Segment Open

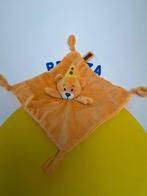 3700 bumba knuffellap lap nanadu oranje, Kinderen en Baby's, Speelgoed | Knuffels en Pluche, Ophalen of Verzenden, Zo goed als nieuw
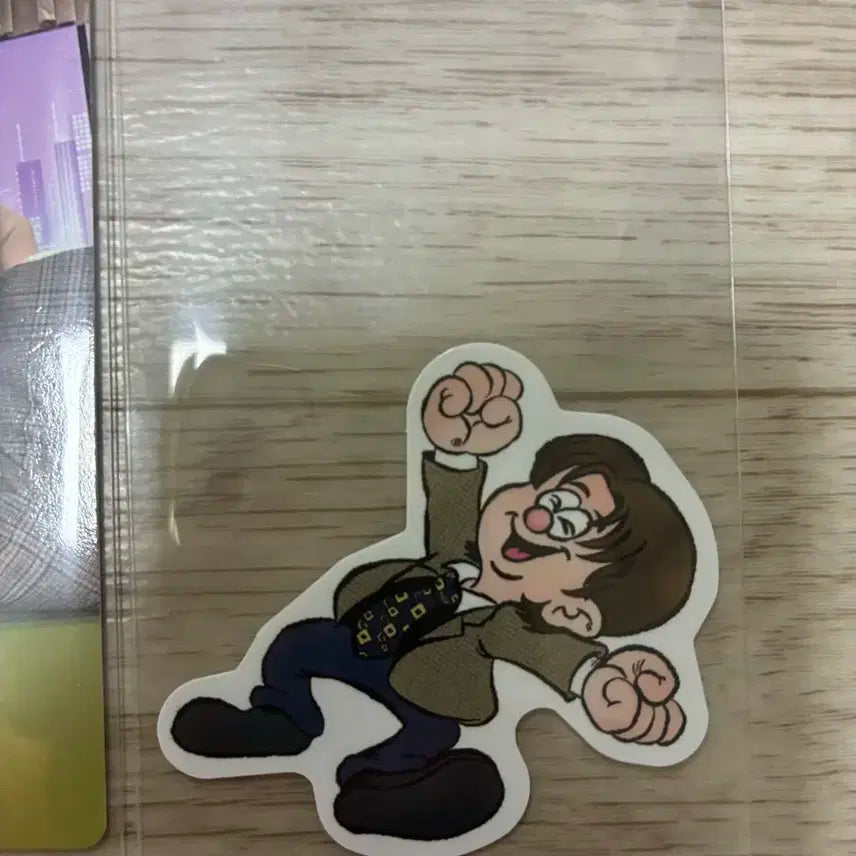 보넥도 명재현 시그 포카 판매합니다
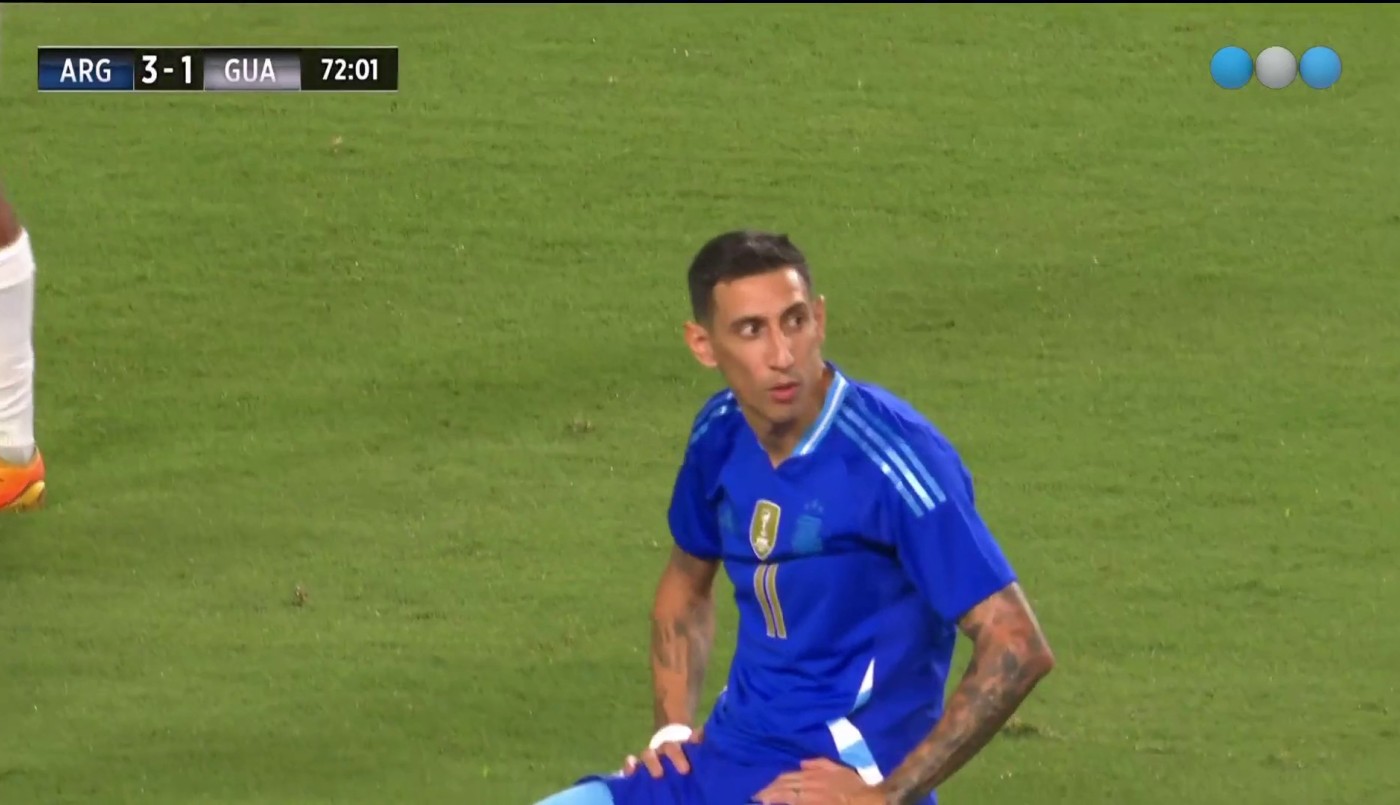 Di María amenaza con el cuarto gol argentino | Mejores momentos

Segment Closed

# WHAT YOU NEED TO DO
Retype verbatim only the lines beginning with the line that contains "보넥도 명재현 시그 포카 판매합니다" and ending with the last line of the listing above; pictures are to be excluded.

# ANSWER BOX
 보넥도 명재현 시그 포카 판매합니다
 Di María amenaza con el cuarto gol argentino | Mejores momentos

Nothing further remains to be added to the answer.